We will utilise the Terraform AWS EKS module to create an EKS cluster. Once the cluster is up and running, we will register it with Sveltos. Then, we will update the aws-core daemonset to support ENI mode and remove the kube-proxy Kubernetes resources as Cilium will take over.

Lab Setup

+-----------------+-------------------+--------------------------+
| Cluster Name | Type | Version |
+-----------------+-------------------+--------------------------+
| mgmt | Management Cluster| RKE2 v1.28.9+rke2r1 |
| eks-test01 | Managed Cluster | EKS v1.28.10-eks-49c6de4 |
+-----------------+-------------------+--------------------------+

+-------------+----------+
| Deployment | Version |
+-------------+----------+
| Cilium | v1.14.8 |
| sveltosctl | v0.27.0 |
+-------------+----------+

Prerequisites

To follow along with the blog post, ensure the below are satisfied.

  1. AWS Service Account
  2. AWS CLI installed
  3. Terraform installed
  4. kubectl installed
  5. sveltosctl installed

Step 1: Create EKS Cluster with Terraform

The easiest way to spin up an EKS cluster is by following the recommended training and resources from the Hashicorp website. Find the training material and the Git repository further below.

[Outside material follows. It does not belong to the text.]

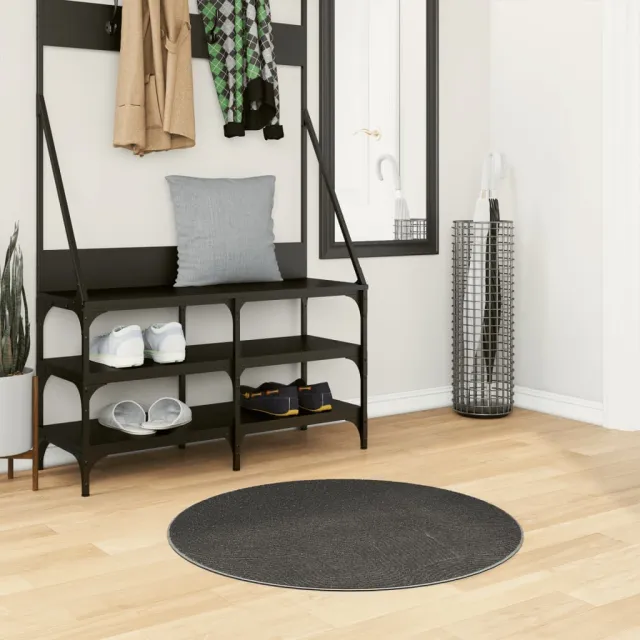 vidaXL Vloerkleed IZA laagpolig Scandinavisch Ø 80 cm antraciet, foto 2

To execute the Terraform plan, a valid AWS Service Account should be available with the right permissions to create the required resources. For more information about the AWS Service Accounts, have a look here.

To get the cluster kubeconfig and start interacting with the cluster, the AWS CLI is used. Modify and execute the command below.

$ aws eks update-kubeconfig --region <the region the cluster created> --name <the name of the cluster>
tip

The command will save the kubeconfig in the default directory ~/.kube/config. If the file should be stored elsewhere, pass the argument --kubeconfig and specify the output directory. For more details, check out the link.

Step 2: Register Cluster with Sveltos

Once we have access to the cluster, it is time to proceed with the Sveltos cluster registration. As this is a cloud Kubernetes cluster, we need to ensure Sveltos has the right set of permissions to perform the Kubernetes deployments and add-ons. To do that, we will utilise sveltosctl and generate a new kubeconfig file.

Generate Sveltos kubeconfig

$ export KUBECONFIG=<directory of the EKS kubeconfig file>

$ sveltosctl generate kubeconfig --create --expirationSeconds=86400

The sveltosctl command will create a kubeconfig file. The file will be used for the Sveltos cluster registration.

Register EKS Cluster

$ sveltosctl register cluster --namespace=<namespace> --cluster=<cluster name> \
--kubeconfig=<path to Sveltos file with Kubeconfig> \
--labels=env=test

The command above will register the EKS cluster with Sveltos on the mentioned namespace, and name and will attach the cluster label env=test defined.

note

If the namespace does not exist in the management cluster, the command will fail with the namespace not found error. Ensure the defined namespace exists in the cluster before registration.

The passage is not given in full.